[Opening INPUT FOR THIS TASK section]

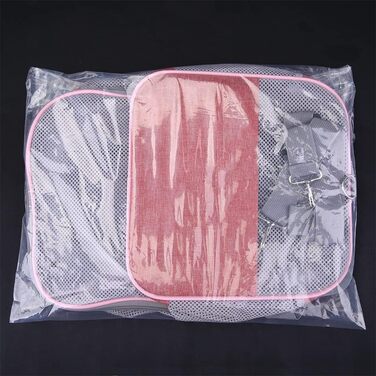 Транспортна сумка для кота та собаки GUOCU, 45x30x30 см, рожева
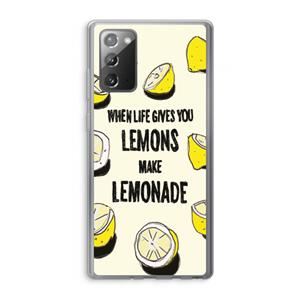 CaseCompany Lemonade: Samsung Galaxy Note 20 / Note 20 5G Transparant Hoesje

[Closing INPUT FOR THIS TASK section]
[Opening INPUT FOR THIS TASK section]

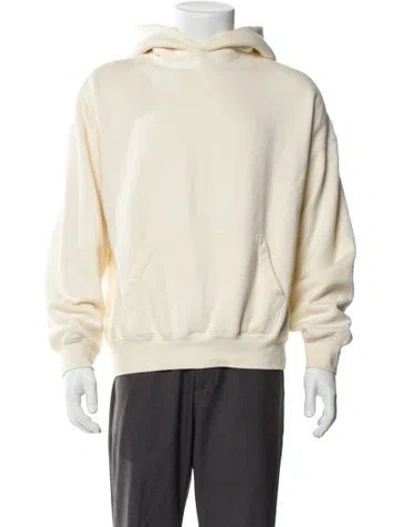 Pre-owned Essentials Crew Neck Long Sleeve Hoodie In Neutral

[Closing INPUT FOR THIS TASK section]

▶ **TASK PROMPT**:
Here the job is to copy the stretch of records from the line containing "Транспортна сумка для" through the line containing "CaseCompany Lemonade: Samsung", word for word. Leave every picture out.

▶ **EXPECTED OUTPUT**:
 Транспортна сумка для кота та собаки GUOCU, 45x30x30 см, рожева
 CaseCompany Lemonade: Samsung Galaxy Note 20 / Note 20 5G Transparant Hoesje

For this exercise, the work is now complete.